La suspension des cours et la fermeture des services de garde dans les écoles de trois commissions scolaires de l'Outaouais, où les enseignants sont en grève mercredi, ont forcé des parents à user d'imagination pour se rendre au travail.

Malgré le casse-tête que cela engendre, le délégué syndical Romain Vanhooren affirme sentir l'appui des parents.

« D'ailleurs, ce n'est pas un hasard si on a averti longtemps d'avance [la tenue de] la grève pour que les parents puissent s'organiser », explique-t-il.

Sylvain Tremblay, président du comité de parents de la Commission scolaire au Coeur-des-Vallées (CSCV), estime aussi que les parents appuient les revendications des syndiqués, puisque ceux-ci tentent d'empêcher le « saccage du système d'éducation ».

M. Tremblay déplore toutefois la fermeture des services de garde, qui complique la situation pour les parents.
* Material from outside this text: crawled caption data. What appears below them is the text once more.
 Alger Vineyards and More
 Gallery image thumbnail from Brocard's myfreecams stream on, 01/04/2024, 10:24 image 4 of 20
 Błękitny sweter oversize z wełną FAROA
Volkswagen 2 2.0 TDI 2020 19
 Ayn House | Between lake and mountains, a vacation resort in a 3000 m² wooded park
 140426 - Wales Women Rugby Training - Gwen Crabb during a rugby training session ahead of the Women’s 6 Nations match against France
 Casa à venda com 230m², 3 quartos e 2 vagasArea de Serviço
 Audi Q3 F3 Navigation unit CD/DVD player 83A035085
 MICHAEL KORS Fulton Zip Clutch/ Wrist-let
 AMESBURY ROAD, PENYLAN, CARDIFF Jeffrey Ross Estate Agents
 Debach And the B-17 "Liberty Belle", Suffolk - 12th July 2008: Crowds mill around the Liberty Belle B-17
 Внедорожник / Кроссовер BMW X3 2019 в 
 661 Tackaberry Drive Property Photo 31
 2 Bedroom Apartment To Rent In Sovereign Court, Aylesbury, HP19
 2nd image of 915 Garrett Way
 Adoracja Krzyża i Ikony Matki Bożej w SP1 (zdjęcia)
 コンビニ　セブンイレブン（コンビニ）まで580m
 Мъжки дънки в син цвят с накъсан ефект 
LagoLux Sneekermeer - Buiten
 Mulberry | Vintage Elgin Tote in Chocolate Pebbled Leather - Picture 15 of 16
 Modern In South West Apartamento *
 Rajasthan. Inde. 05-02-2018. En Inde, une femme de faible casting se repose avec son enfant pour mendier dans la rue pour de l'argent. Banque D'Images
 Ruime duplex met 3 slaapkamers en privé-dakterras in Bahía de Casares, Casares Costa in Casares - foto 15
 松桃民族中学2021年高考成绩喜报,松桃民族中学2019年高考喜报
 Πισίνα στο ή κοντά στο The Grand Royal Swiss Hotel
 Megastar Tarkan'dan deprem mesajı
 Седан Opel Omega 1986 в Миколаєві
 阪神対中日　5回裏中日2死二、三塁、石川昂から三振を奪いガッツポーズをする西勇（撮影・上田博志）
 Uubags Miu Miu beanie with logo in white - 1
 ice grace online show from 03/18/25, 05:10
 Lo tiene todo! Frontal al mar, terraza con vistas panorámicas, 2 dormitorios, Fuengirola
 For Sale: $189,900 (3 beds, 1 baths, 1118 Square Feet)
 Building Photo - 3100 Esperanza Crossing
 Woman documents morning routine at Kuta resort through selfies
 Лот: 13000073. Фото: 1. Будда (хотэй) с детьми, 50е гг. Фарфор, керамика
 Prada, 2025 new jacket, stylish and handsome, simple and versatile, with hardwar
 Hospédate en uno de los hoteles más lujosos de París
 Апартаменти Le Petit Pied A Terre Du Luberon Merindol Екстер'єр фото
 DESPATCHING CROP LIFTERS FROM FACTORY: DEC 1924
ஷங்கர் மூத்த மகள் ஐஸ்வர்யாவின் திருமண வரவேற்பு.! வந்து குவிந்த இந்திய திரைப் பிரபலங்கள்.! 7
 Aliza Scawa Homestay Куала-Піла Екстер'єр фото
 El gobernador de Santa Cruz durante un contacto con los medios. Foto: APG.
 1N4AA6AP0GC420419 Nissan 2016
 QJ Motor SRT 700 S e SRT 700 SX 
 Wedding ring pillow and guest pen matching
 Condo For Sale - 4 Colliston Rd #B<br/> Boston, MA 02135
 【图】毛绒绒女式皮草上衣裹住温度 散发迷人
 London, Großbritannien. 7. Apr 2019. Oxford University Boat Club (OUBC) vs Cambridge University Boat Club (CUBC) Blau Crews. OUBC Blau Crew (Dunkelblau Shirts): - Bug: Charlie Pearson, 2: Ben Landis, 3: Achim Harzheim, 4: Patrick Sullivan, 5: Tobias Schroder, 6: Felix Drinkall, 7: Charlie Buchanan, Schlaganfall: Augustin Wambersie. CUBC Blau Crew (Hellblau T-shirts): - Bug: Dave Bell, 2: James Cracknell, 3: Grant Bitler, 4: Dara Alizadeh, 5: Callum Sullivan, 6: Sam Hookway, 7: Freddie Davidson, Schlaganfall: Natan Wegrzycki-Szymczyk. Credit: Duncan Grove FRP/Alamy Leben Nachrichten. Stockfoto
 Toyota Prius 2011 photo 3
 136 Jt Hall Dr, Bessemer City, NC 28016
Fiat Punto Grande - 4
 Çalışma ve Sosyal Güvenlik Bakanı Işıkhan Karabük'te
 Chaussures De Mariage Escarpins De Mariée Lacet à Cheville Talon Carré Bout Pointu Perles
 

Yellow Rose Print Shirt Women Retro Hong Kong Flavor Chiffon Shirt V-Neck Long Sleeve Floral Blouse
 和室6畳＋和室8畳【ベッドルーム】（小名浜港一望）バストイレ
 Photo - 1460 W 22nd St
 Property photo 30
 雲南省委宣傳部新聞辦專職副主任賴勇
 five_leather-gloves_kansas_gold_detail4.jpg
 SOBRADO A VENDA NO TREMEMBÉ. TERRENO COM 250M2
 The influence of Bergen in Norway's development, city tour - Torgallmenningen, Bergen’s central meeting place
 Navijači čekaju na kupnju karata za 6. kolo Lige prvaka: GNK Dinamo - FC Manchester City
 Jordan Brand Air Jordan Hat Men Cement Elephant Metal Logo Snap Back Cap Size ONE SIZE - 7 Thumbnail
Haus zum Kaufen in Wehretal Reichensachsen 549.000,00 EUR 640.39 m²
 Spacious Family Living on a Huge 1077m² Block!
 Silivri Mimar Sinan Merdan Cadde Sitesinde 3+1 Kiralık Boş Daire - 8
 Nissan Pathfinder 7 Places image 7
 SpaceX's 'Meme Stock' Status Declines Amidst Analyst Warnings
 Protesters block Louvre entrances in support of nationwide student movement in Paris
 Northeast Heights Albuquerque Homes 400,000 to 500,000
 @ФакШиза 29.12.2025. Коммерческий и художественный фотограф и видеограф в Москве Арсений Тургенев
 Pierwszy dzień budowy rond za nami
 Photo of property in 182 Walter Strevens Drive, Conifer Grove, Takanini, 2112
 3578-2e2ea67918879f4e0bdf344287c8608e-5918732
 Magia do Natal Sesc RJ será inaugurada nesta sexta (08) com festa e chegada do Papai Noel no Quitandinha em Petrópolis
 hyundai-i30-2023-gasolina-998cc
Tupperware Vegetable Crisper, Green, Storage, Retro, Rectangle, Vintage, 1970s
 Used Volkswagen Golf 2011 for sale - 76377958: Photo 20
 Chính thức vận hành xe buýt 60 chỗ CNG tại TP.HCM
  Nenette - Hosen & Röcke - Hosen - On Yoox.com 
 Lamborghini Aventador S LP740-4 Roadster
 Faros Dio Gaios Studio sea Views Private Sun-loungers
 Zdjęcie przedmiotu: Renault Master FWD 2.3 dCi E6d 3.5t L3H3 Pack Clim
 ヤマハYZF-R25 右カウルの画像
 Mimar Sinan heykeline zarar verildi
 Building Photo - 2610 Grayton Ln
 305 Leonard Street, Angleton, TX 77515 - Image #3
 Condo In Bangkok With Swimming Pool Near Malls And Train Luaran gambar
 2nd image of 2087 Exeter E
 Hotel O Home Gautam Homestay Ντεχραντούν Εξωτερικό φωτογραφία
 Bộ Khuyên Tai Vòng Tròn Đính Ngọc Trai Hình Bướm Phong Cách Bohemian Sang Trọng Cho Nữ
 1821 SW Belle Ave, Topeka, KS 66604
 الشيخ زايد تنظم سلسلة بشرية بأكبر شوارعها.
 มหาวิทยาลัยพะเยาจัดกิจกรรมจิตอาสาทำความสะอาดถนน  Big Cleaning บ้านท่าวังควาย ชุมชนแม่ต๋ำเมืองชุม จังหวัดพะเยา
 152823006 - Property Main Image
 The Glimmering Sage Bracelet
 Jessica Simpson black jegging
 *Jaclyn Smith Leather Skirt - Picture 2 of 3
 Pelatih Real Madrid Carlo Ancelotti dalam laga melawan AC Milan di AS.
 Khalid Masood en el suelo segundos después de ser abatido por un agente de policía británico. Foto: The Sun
Une solution pour les parents

Par ailleurs, pour dépanner les parents pris au dépourvu par la grève, certaines entreprises offrent des services de garderie. C'est le cas d'Altitude Gym, à Gatineau, qui accueille une trentaine d'enfants.

L'Association de soccer de Hull, qui offre habituellement des jours d'activités lors des journées pédagogiques, reçoit 26 enfants en ce jour de grève. Ceux-ci ont pu pratiquer leur sport sur le terrain synthétique du stade Mont-Bleu.

De son côté, l'entreprise Tube et Jujubes de Gatineau a tenté d'offrir un service semblable, mais n'a pas eu suffisamment d'inscriptions. Elle dit toutefois accueillir mercredi une clientèle plus importante qu'à l'habitude.

Québec se dit incapable de répondre aux demandes des enseignants

Le député de Papineau et adjoint parlementaire du ministre de l'Éducation, Alexandre Iracà, trouve que cette journée de grève est désolante pour les parents.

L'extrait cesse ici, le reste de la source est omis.